# Diablo 2: Was bedeutet &quot;Erweiterungscharakter&quot;?????



## oemmi (16. Dezember 2004)

Hi,

folgendes Problem:

Ich hab früher schon Diablo II gespielt und hatte einen Paladin mit Level 52!
Als die Vollversion in der PC Games war hatte ich wieder Lust zu spielen, installierte das Spiel, kopierte meinen Charakter rein den ich von damals noch gesavet hatte und wollte zocken! Doch ich kann kein Spiel starten, weil da in grüner Schrift "Erweiterungscharakter" steht, ich weiß aber nicht (mehr) was das bedeuten soll....

Kann ich noch Solsplayer spielen? Wenn ja wie? Falls Nein, WARUM??
Was heißt  Erweiterungscharakter denn????

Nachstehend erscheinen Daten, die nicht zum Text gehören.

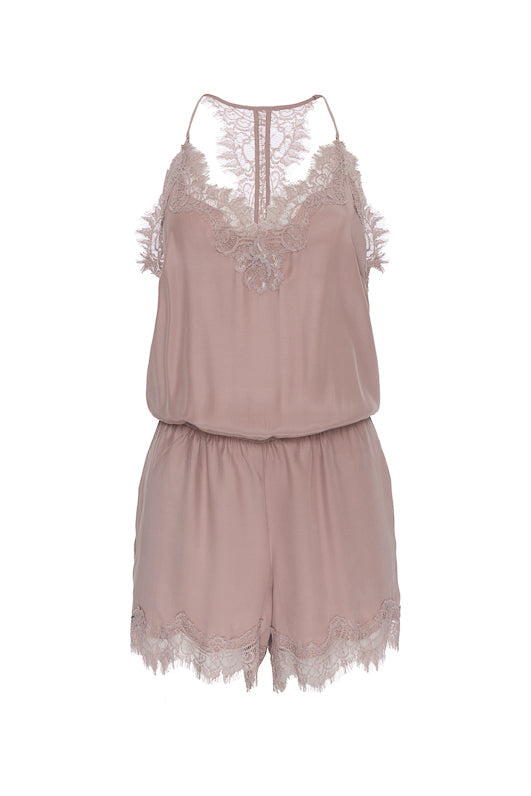 Coco Lace Romper Muted Rose – Gold Hawk Clothing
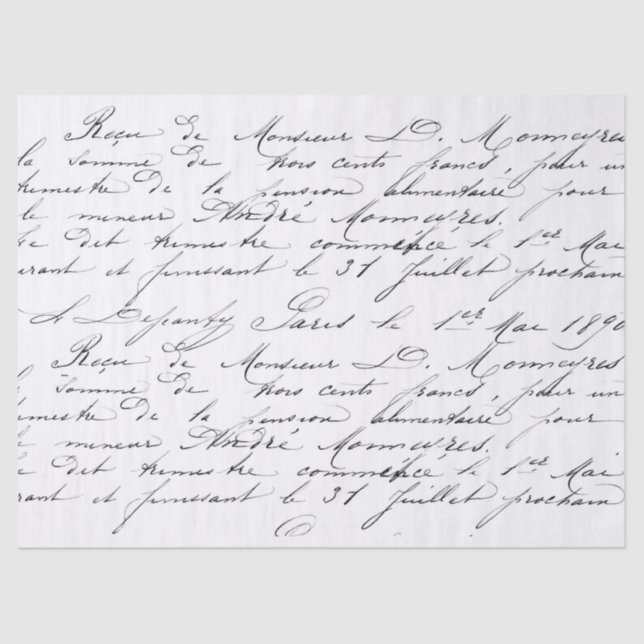 Lenço de papel do roteiro (Frente )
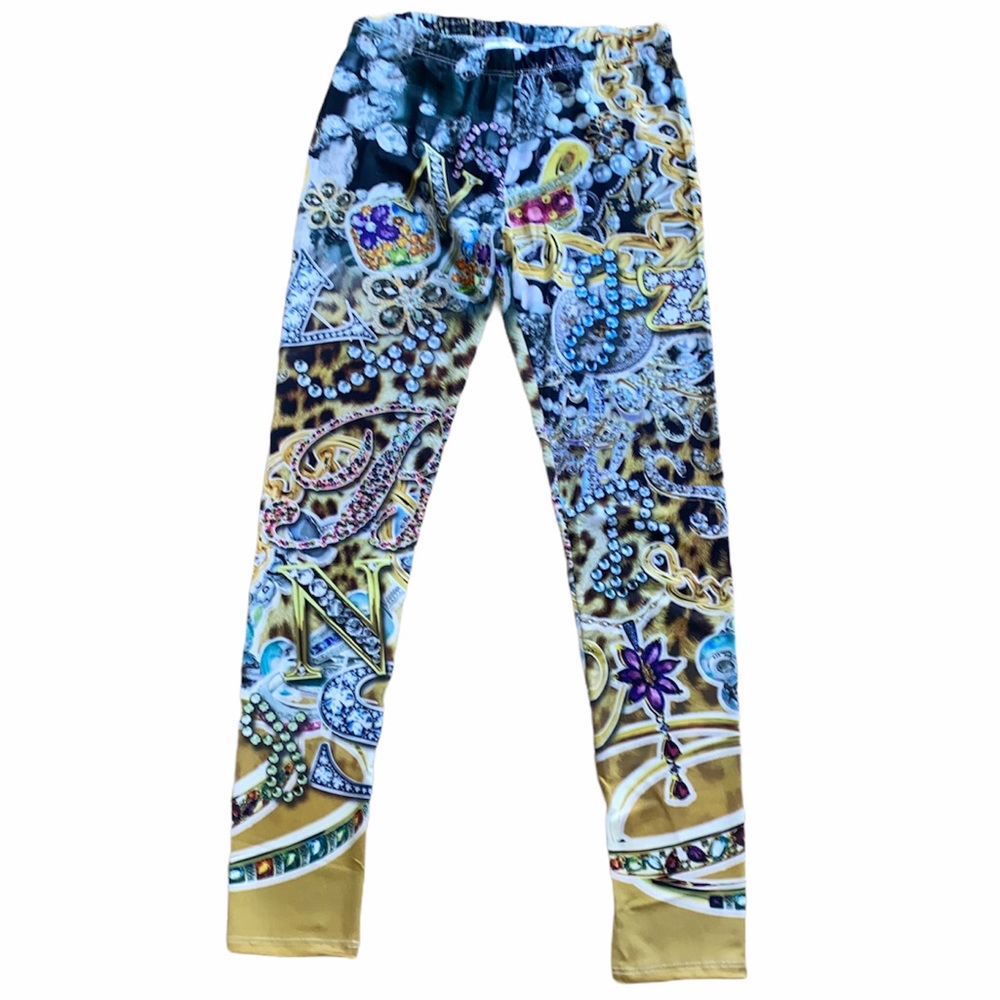 NWT Liv by Phat Buddha Riches Print Leggings sz M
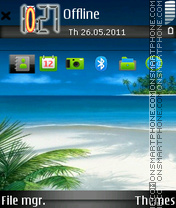 New Iconx Island es el tema de pantalla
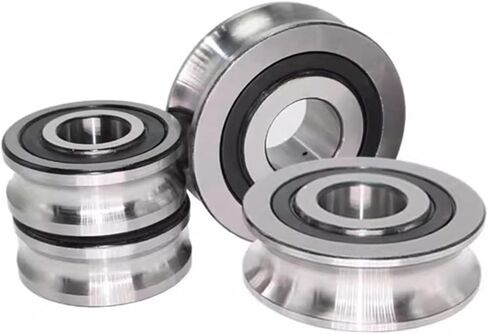 10PCS Straightening Mixed Wheel Over Line with Groove Bearing U 6204 20X47X14MM Pulley U Groove Type(U6204-4-1.5) in Saudi Arabia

Bitte helft mir schnell und gut wie immer!!!

THX


----------



## Goddess (16. Dezember 2004)

Ich vermute mal das Du, als Du den Charakter das letzte mal gespeichert hast ihn auch im "Ad-On" gespielt hast. Installier also ganz einfach das "Ad-On" dann müsste es klappen.


----------



## The_Linux_Pinguin (16. Dezember 2004)

Du hast früher deine Char in LOD kreiert oder konvertiert, also geht der auch nur wieder mit LOD.


----------